Many people feel unable to speak out about the issue and believe there is no safe mechanism for them to do so.

The investigation, which was published yesterday, did not conclusively determine whether a “culture” of bullying exists at the board.

Ms Freeman told MSPs; “This extensive review has identified a number of significant cultural issues that have contributed to both actual and perceived behaviours in NHS Highland that have not always reflected those values.”

Mr Sturrock’s report did determine that senior officials in the Scottish Government were aware of the “dysfunctional situation” at the board and at senior leadership level for a “considerable period of time” prior to matters becoming more public in the autumn of 2017.

Tory MSP Edward Mountains said yesterday: “When four senior clinicians made allegations of bullying in September 2018, and I called in the same month for an independent inquiry from the First Minister, the government were still dithering.”

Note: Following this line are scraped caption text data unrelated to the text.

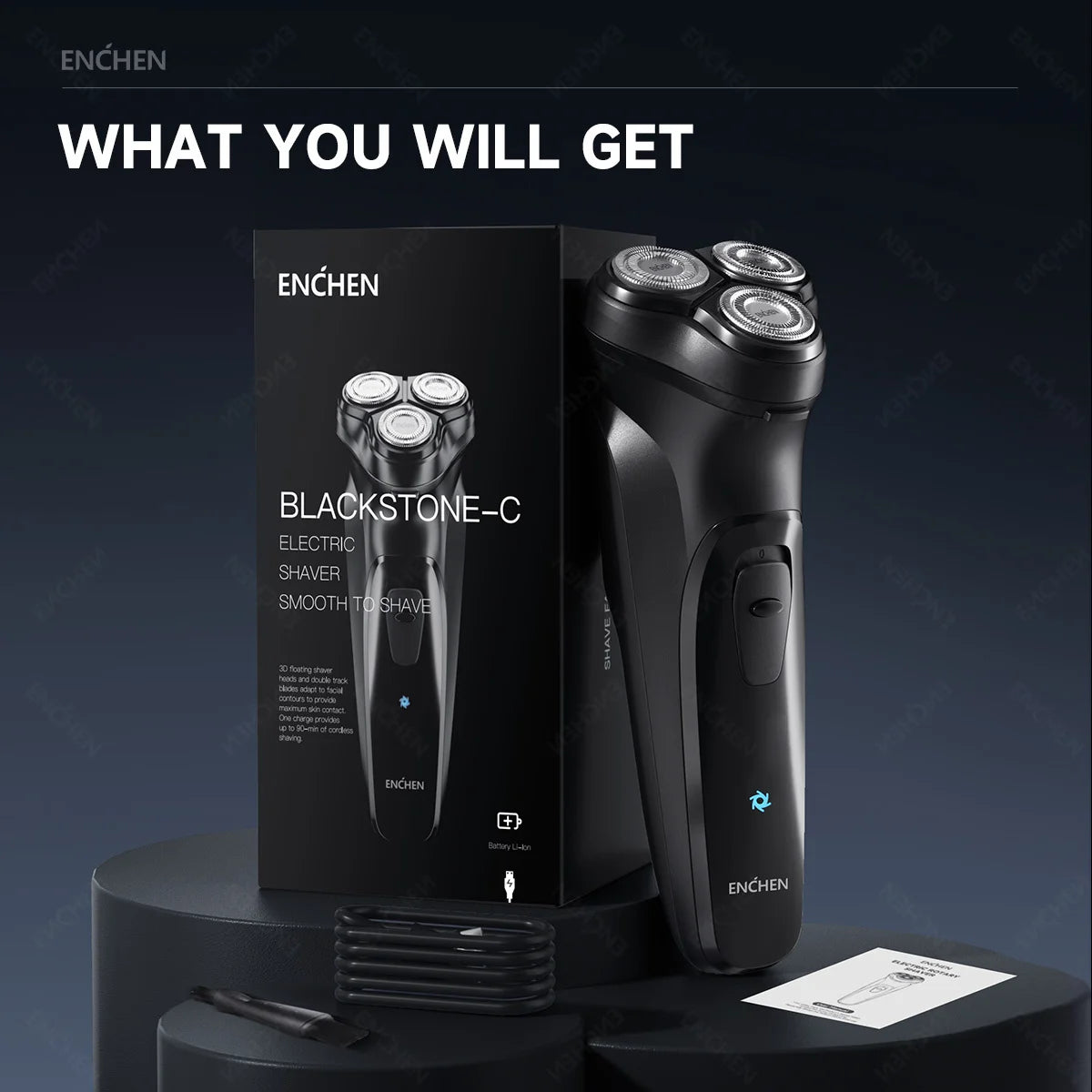 RUVIAA BEAUTY ENCHEN Blackstone-C | 3D Rotary Shaver & Pop-up Trimmer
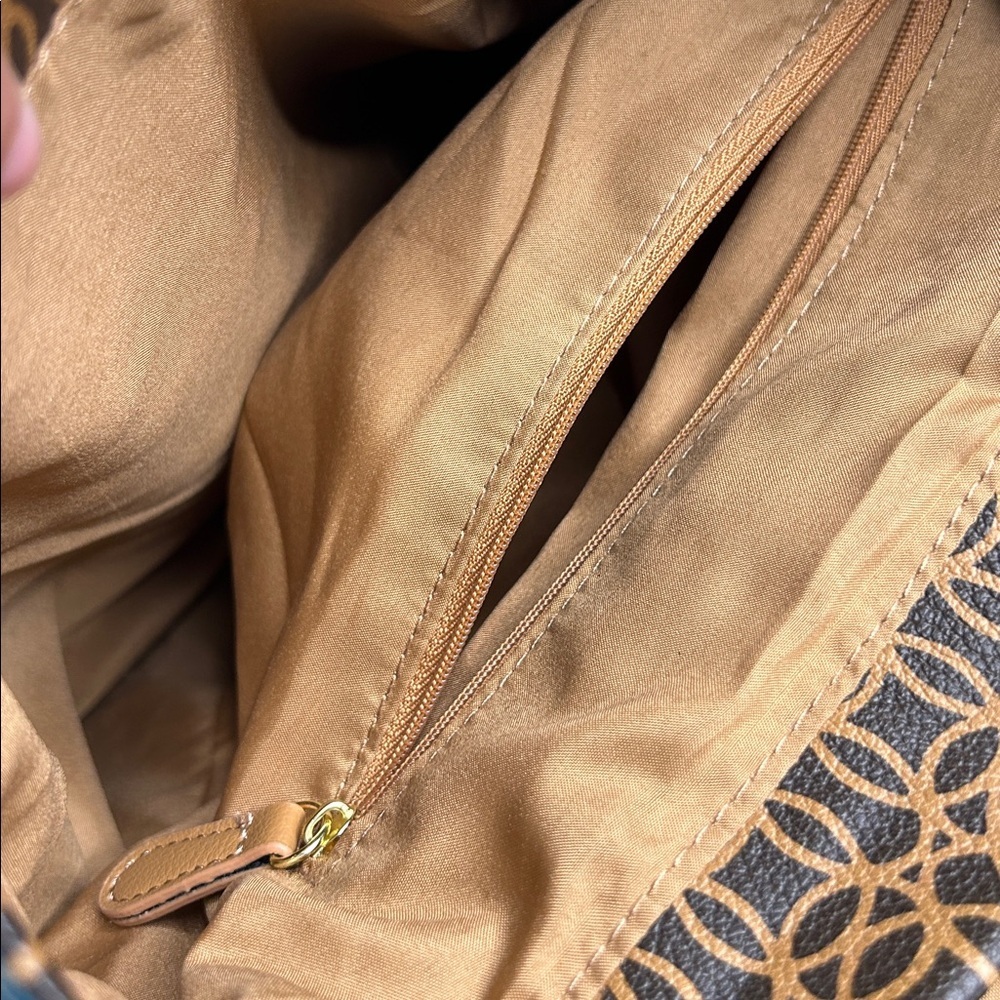 Brown Patterned Faux Leather Backpack - Picture 9 of 11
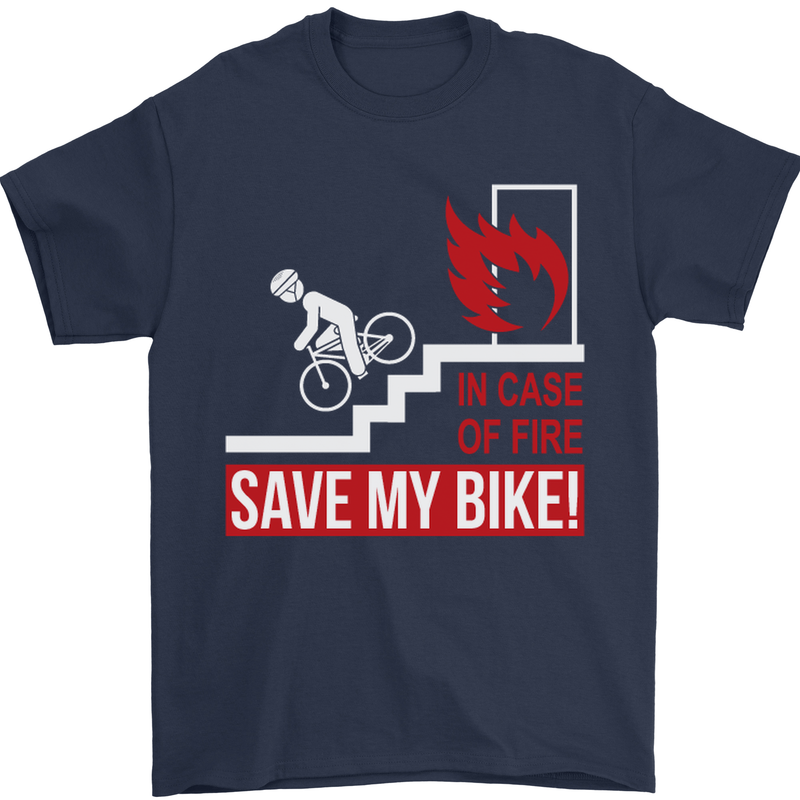 Emergency Save My Bike Motorcycle Biker Mens T-Shirt Cotton Gildan Navy Blue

The report highlighted a tension for the Scottish Government between intervening and encouraging organisations and individuals to deal with issues themselves, indicating that government is often accused of over-involvement yet, when things go wrong, is held responsible.

It also found some individuals in senior management at the board are characterised as having adopted an “autocratic, intimidating, closed, suppressing, defensive and centralising style”. An absence of a vision with specific goals and timelines was highlighted as contributing to a “sense of lack of direction”.

In its recommendations, the report said a strategic vision is needed for boards with a programme of training for staff and managers.

It also called for effective facilities to be introduced to allow those wishing to speak out to do so.

Professor Boyd Robertson, interim chair of NHS Highland, said: “I undertake to do whatever I can to restore confidence where it may have been lost and to build upon the many examples of best practice which I see every day.”